The Philadelphia-based firm will defer payment of its monthly retainer until mid-January 2018 and also will not bill the city for costs above the retainer if there is no deal reached to sell the asset as early as next year.
The city’s financial consultant, PFM Financial Advisors LLC of Harrisburg, said it looked at other firms before recommending Dilworth Paxson, which has expertise in the legal issues dealing with the sale or lease of the system.
Council’s unanimous 5-0 vote in favor of the hiring came after resident Sam Troy urged caution before considering a sale.
“I don’t know if this is the right thing to do,” Troy said.

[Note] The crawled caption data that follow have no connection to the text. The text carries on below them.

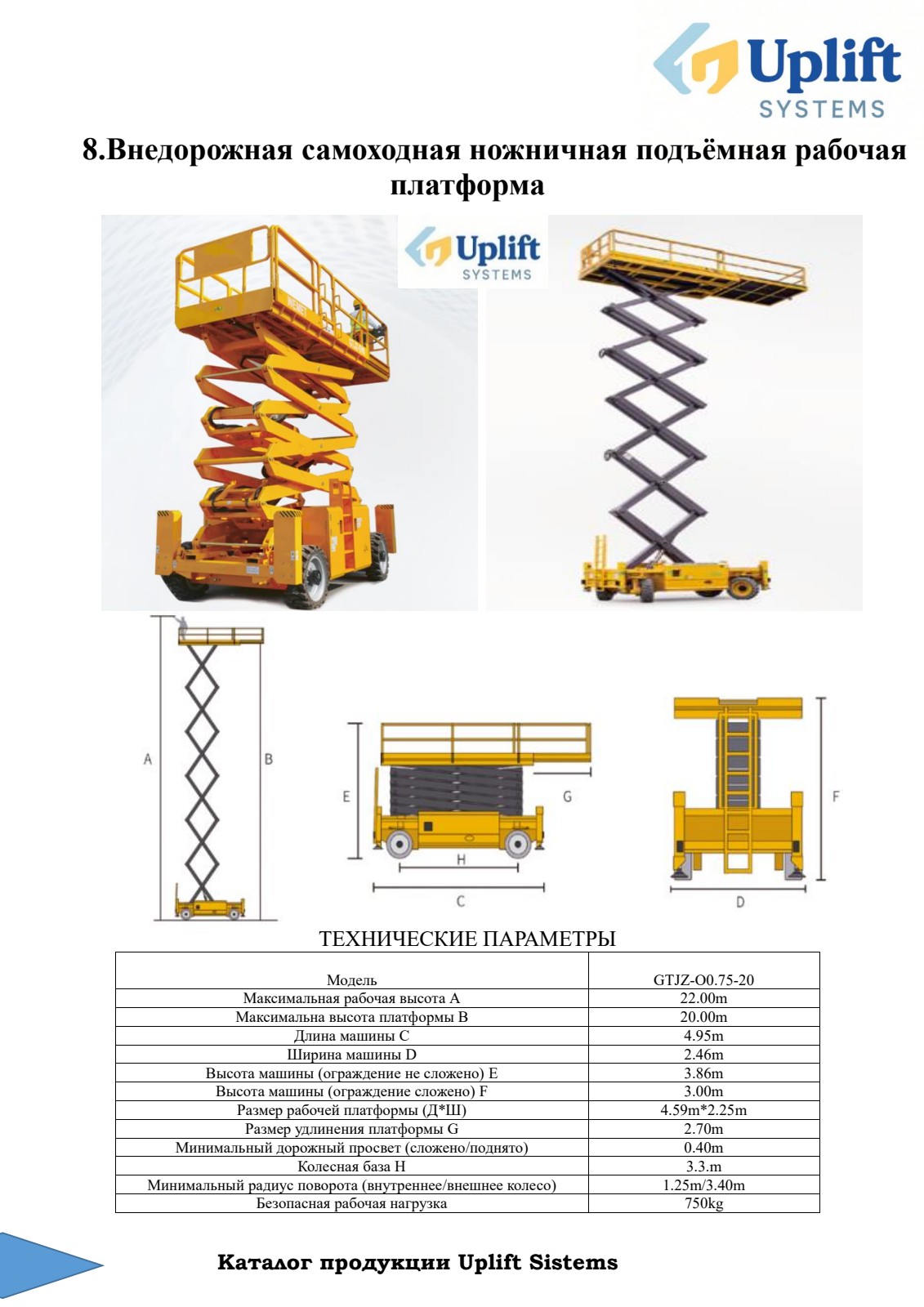 Uplift System Sign In Uplift Systems — Industrial Lifting Equipment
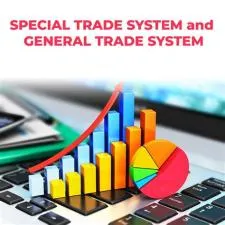 Can you do more than 1 special trade a day?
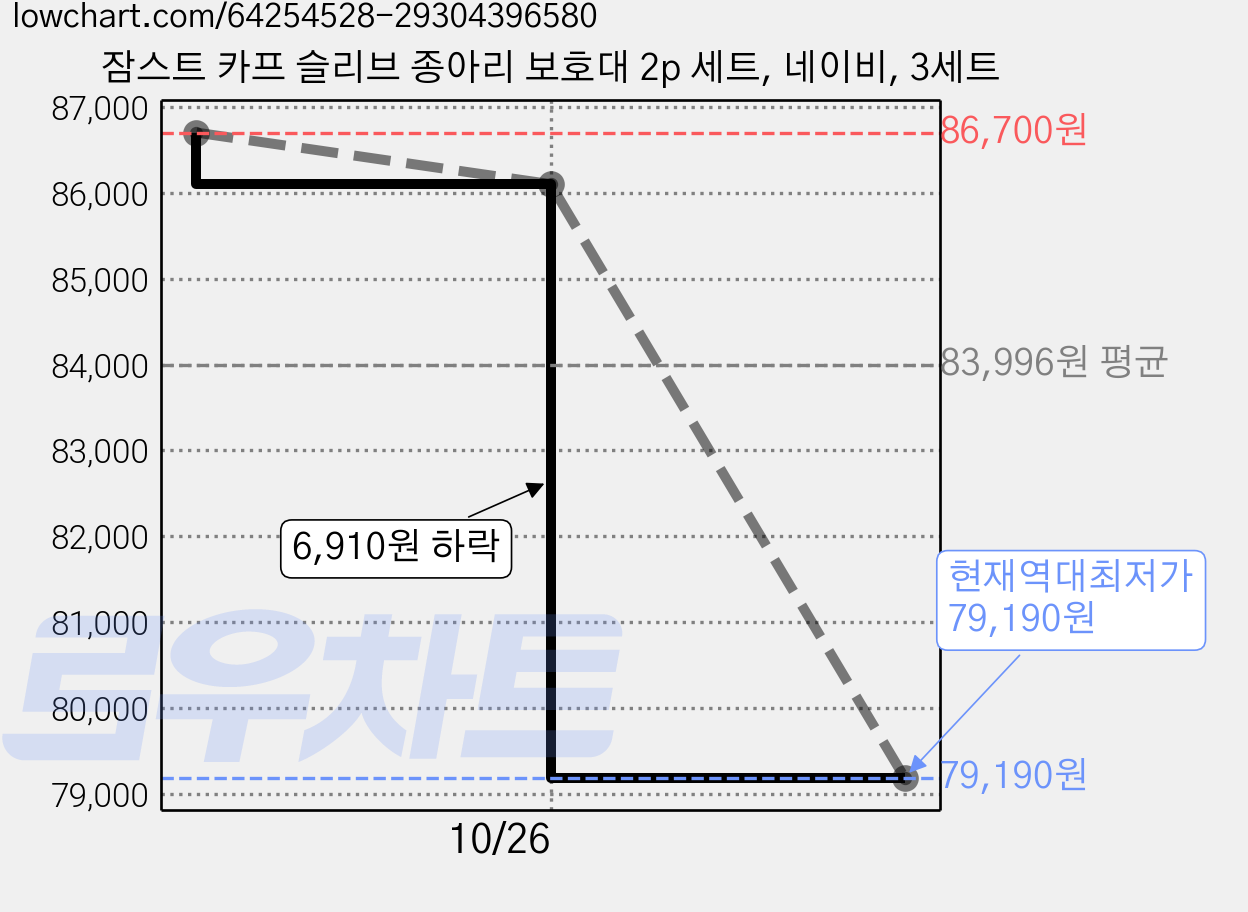 잠스트 카프 슬리브 종아리 보호대 2p 세트, 네이비, 3세트 가격 변동 차트, 현재가 79,190원, 역대최저가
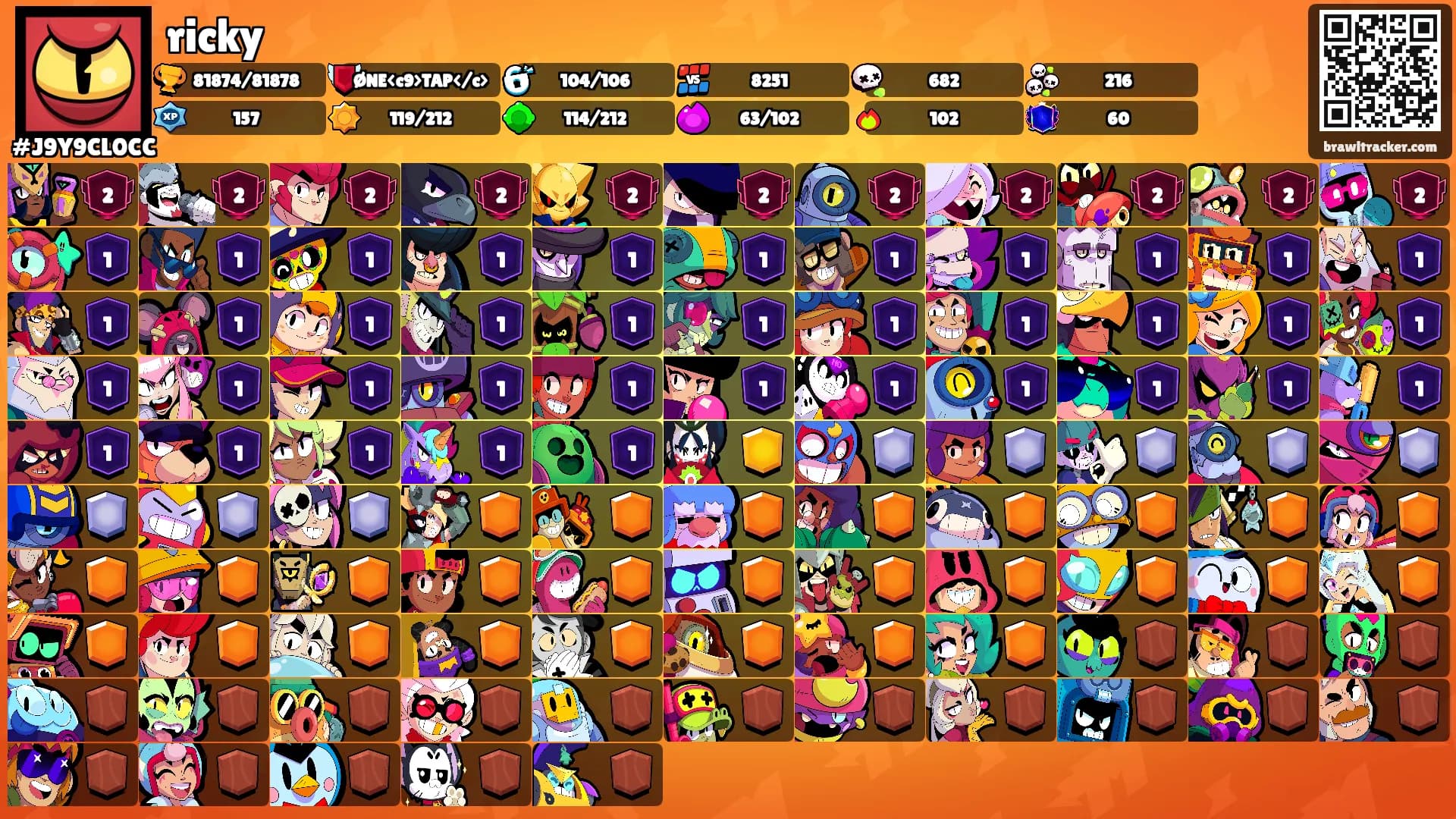 ricky's Ranks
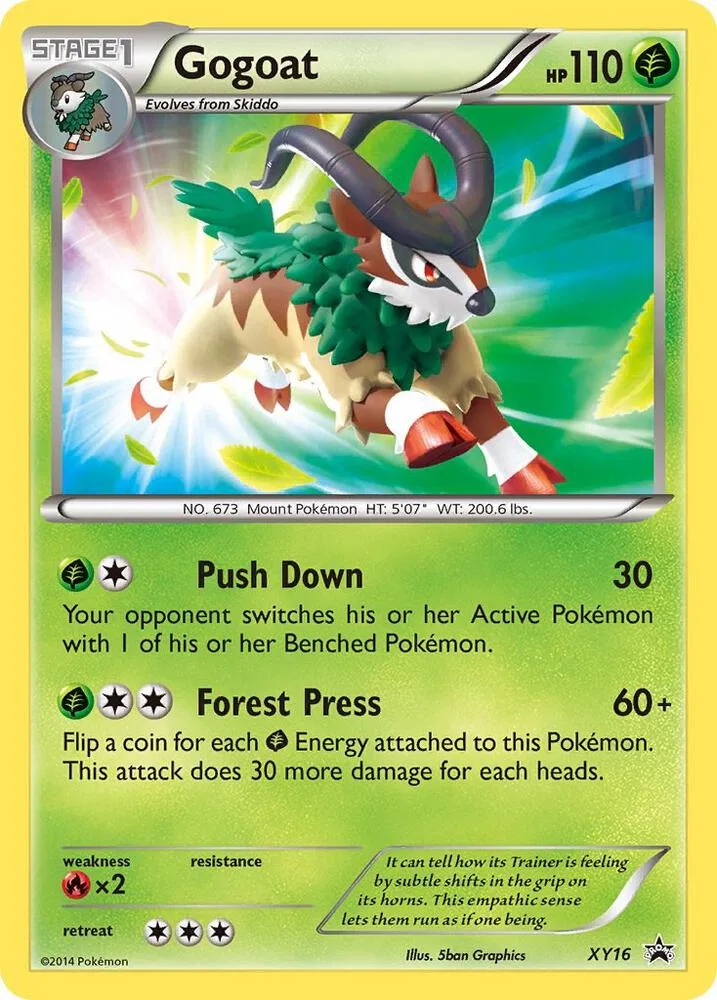 Gogoat card front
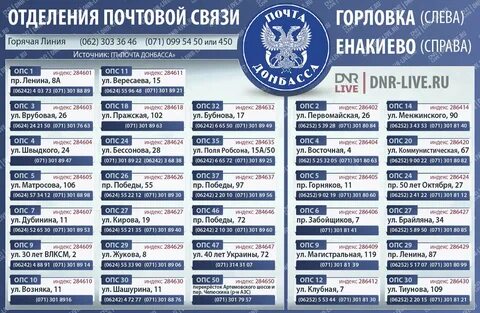 Почтовые индексы г шахты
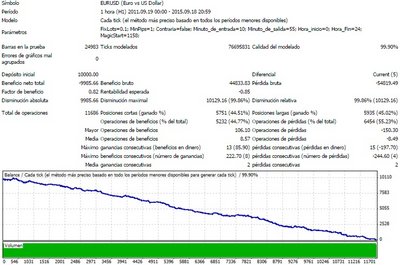 Misma direccion.jpg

He wondered if council should look into activating the Sewer Authority former Mayor Tom Leighton set up for the purpose of charging municipalities a fee for using the lines maintained by the city to carry sewage to the Wyoming Valley Sanitary Authority’s treatment plant in Hanover Township.
During public comment, Nicholas Dye, a partner in D&D Realty Group that’s developed luxury apartments downtown, asked for help from council to resolve a problem involving illegal dumping and garbage containers on Livingston Lane behind his Alleghany Lofts building on South Main Street.
Neighbors have complained about the trash and D&D has been cited for violating a city ordinance prohibiting the placement of garbage containers on streets. “I’m willing to have conversations over the next few weeks with members of council for alternative solutions,” Dye said.
To stop the dumping, Dye said he’s added a second container, doubled the amount of weekly pickups and is in the process of installing security cameras.
City Administrator Ted Wampole said he’s had conversations with Dye and asked for council’s help.
Council agreed to get involved and include the administration, the city’s legal department and neighbors in discussions.
Also Thursday, council authorized city officials:
• To hire the most qualified firm for engineering services for the first phase of 2017 street paving to be paid out of the Office of Economic and Community Development budget.
• To award a contract for the demolition of 32-34 O’Neill Ave. to the lowest responsible bidder. The contract will be paid out of the OECD budget.
• To accept a $117,791 grant from the Pennsylvania Department of Health for a comprehensive immunization program.
• To enter a Right-of-Way agreement with PPL Electric Utilities for access to land near the railroad crossing on Parrish Street to maintain two poles for overhead power transmission wires and a fiber optic cable.
City council also approved the first of two readings of an ordinance prohibiting the parking of vehicles in front and side yards.